:: Source data ::
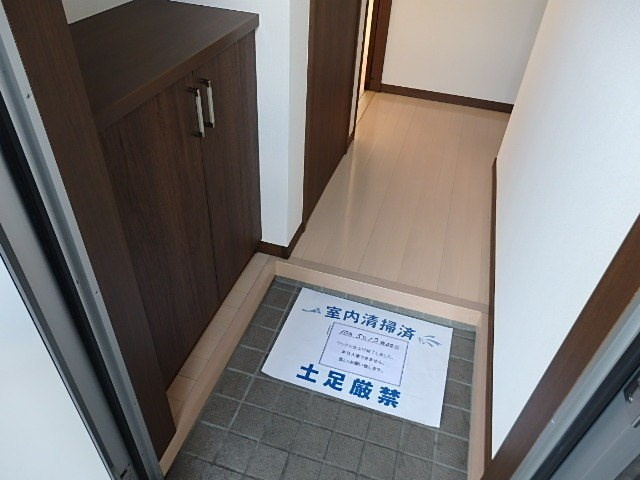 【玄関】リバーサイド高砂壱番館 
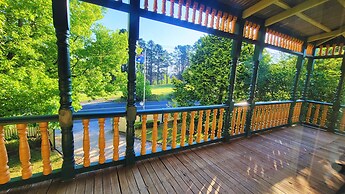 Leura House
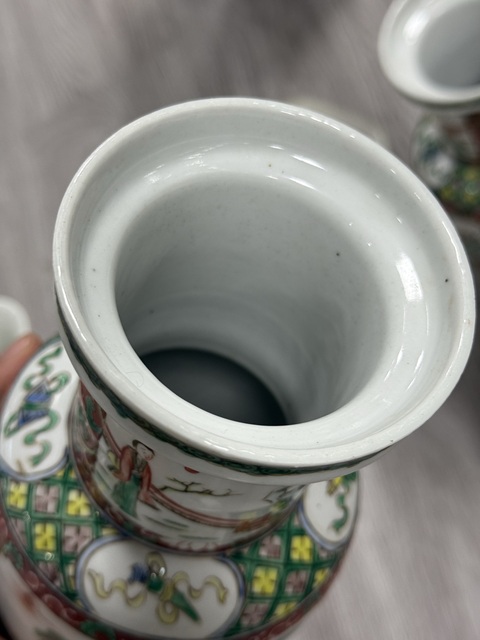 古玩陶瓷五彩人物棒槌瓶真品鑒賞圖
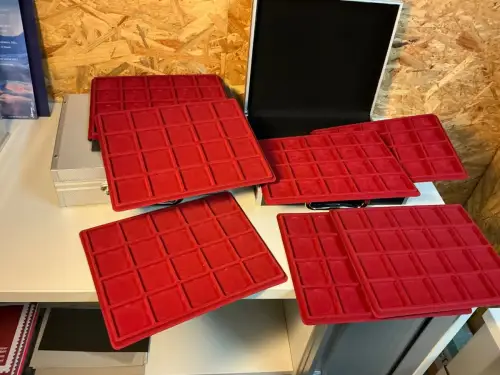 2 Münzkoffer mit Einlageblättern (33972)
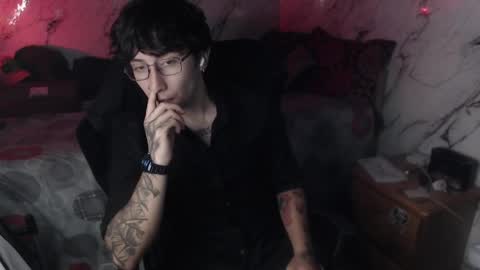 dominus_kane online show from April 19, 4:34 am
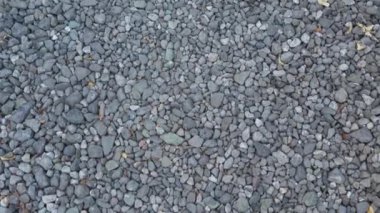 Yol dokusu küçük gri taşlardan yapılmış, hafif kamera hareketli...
:::
:: Source data ::
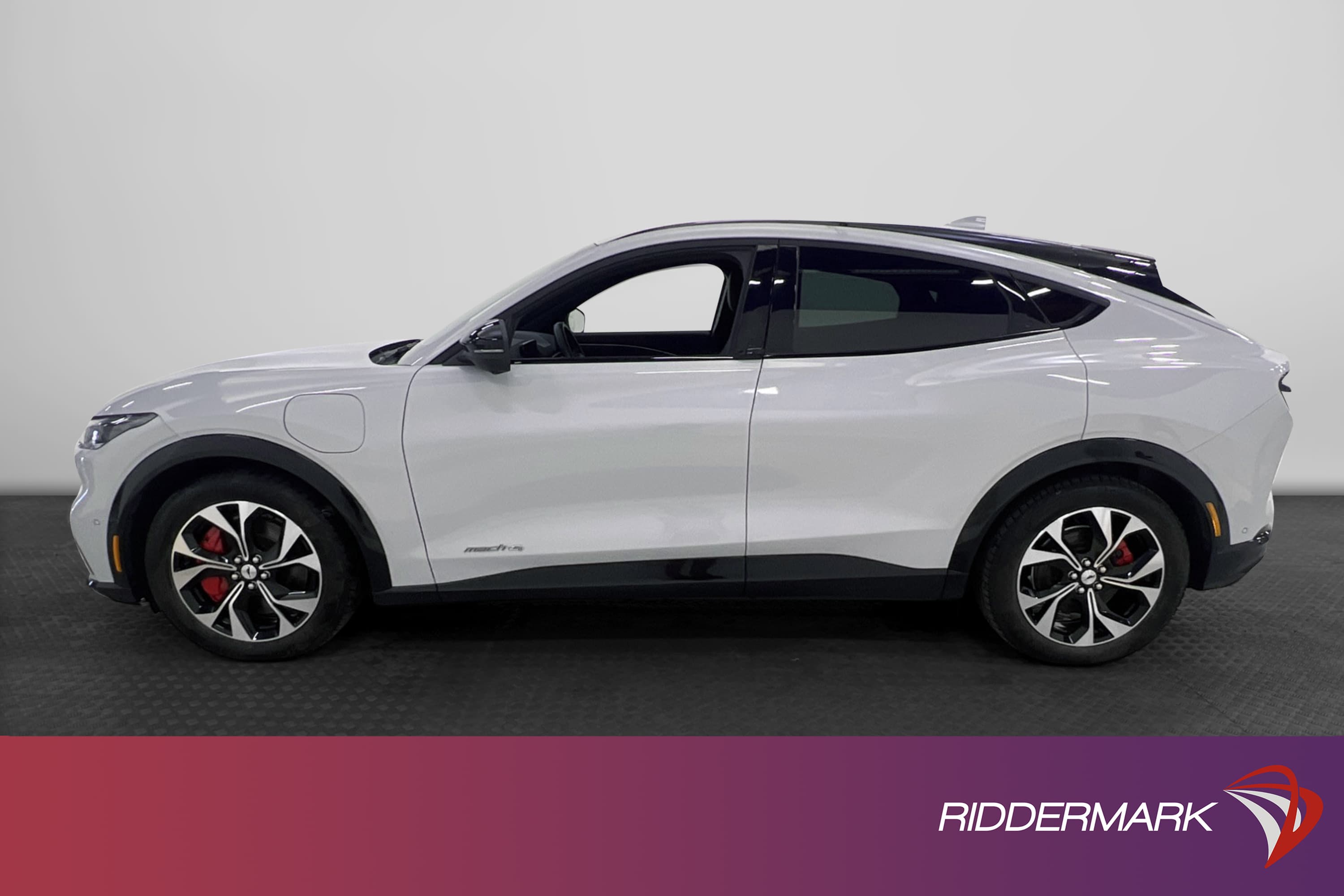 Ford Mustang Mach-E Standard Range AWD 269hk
:::
:: Source data ::
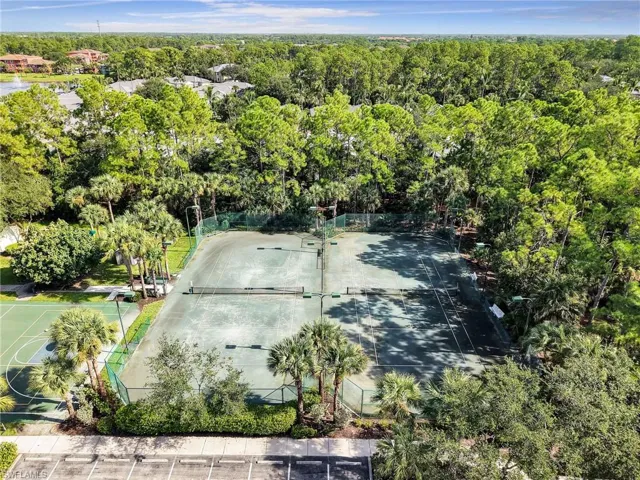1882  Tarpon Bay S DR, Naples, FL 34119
:::
● **Required work**
In the data above, find the line with "Leura House" and the line with "Yol dokusu küçük". Please copy exactly those two lines and every line between them, but not the pictures.

● **Exercise solution**
 Leura House
 古玩陶瓷五彩人物棒槌瓶真品鑒賞圖
 2 Münzkoffer mit Einlageblättern (33972)
 dominus_kane online show from April 19, 4:34 am
 Yol dokusu küçük gri taşlardan yapılmış, hafif kamera hareketli...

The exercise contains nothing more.